The astronauts also needed plans and procedures. Flight plans spelled out each step of the mission. Detailed “time lines” were developed for every function that had to be performed, minute by minute. Crew procedures and checklists were an adjunct to the flight plan. The step-by-step sequence for each spacecraft activity, each maneuver, each propulsive burn was worked out well in advance and was used again and again during practice and simulation.
Configuration control was as important in the astronaut training as in every other category. Simulators had to look just like the spacecraft to be useful, and last-minute spacecraft changes had to be incorporated in the simulators as well. Crew procedures that had worked well on one flight could not be changed, through “crew preference, “ for the following flight.

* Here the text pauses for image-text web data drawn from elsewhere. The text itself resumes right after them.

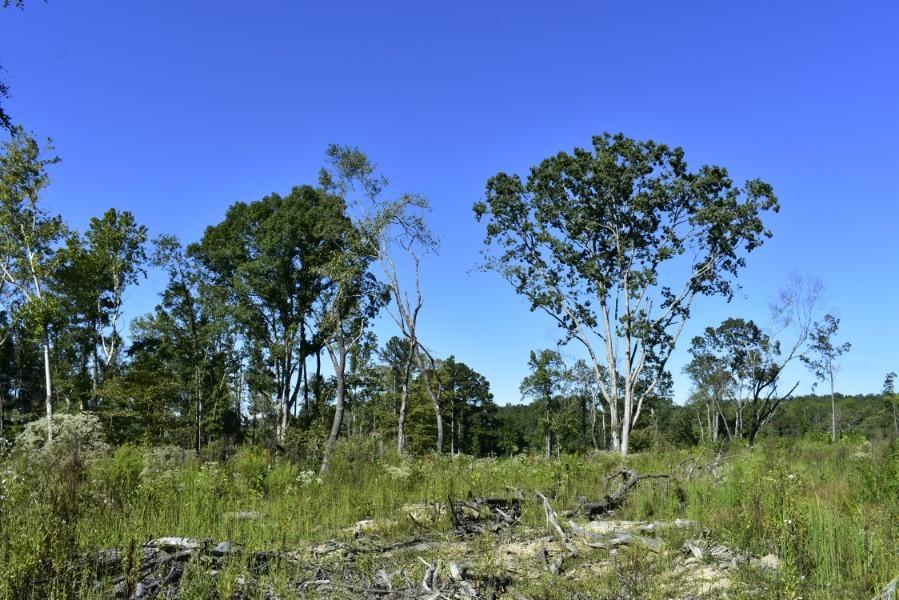 4680 Ringgold Road LaFayette, GA 30728 - Photo 43 of 121 _DSC0283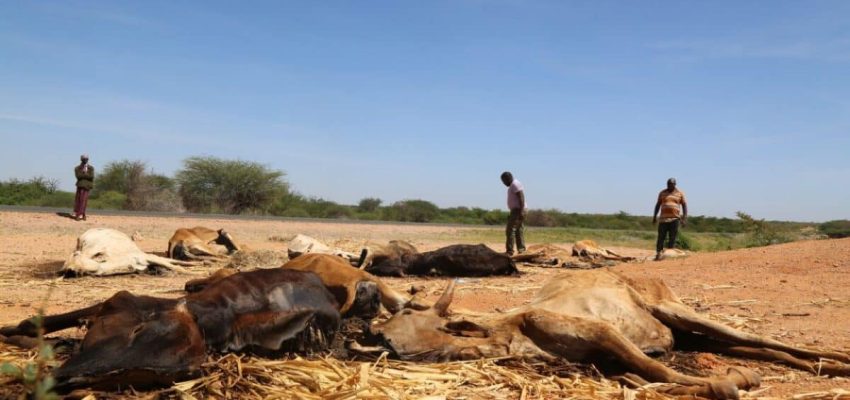 kenya-1200x624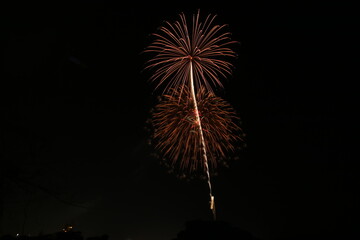 春の夜の花火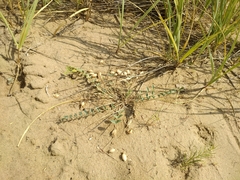 Astragalus altaicola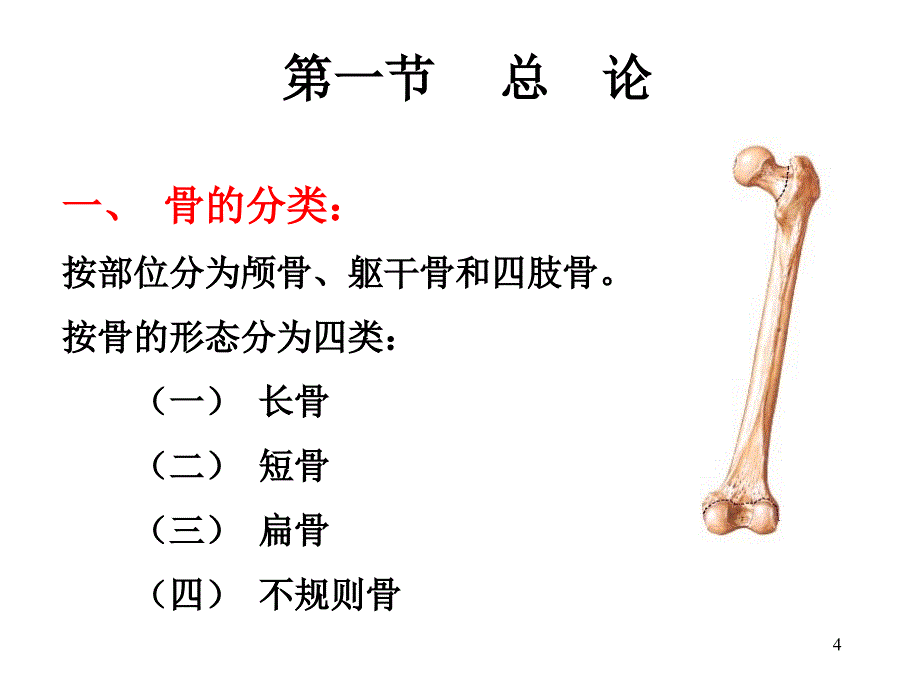 正常人体结构骨PPT课件_第4页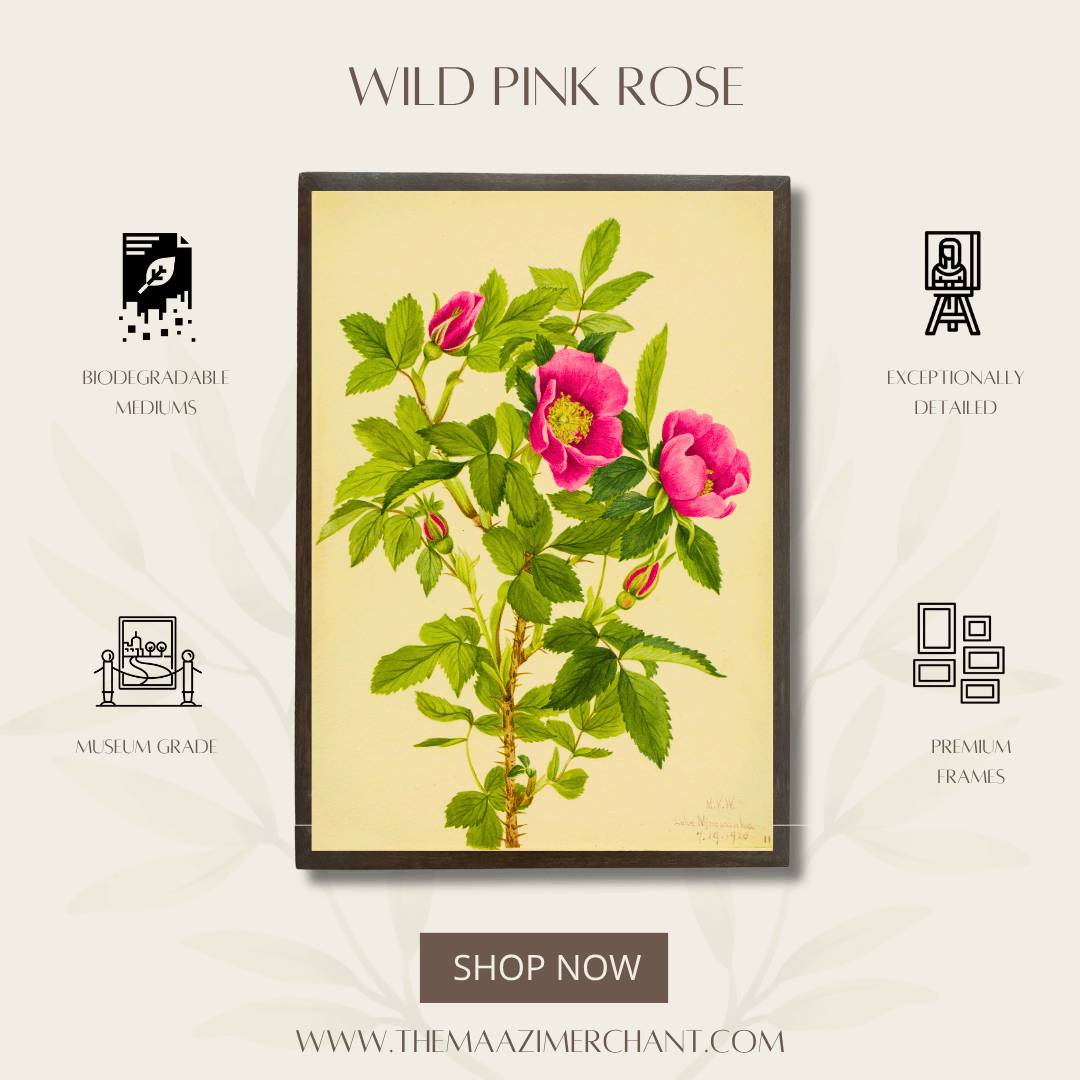 Wild Pink Rose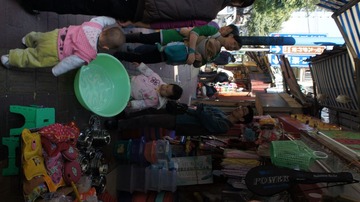 DSC00485.JPG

Attention to detail. Painstaking attention to detail, coupled with a dedication to get the job done well, by all people, at all levels, on every element of Apollo led to the success of what must be one of the greatest engineering achievements of all time - man’s first landing on the moon. The reports which follow amplify this observation.
DESIGN PRINCIPLES STRESSING SIMPLICITY
By Kenneth S. Kleinknecht
- Use established technology.
- Stress hardware reliability.
- Comply with safety standards.
- Minimize inflight maintenance and testing for failure isolation, and instead on assistance from the ground.
- Simplify operations.
- Minimize interfaces.
- Make maximum use of experience gained from previous manned-space programs.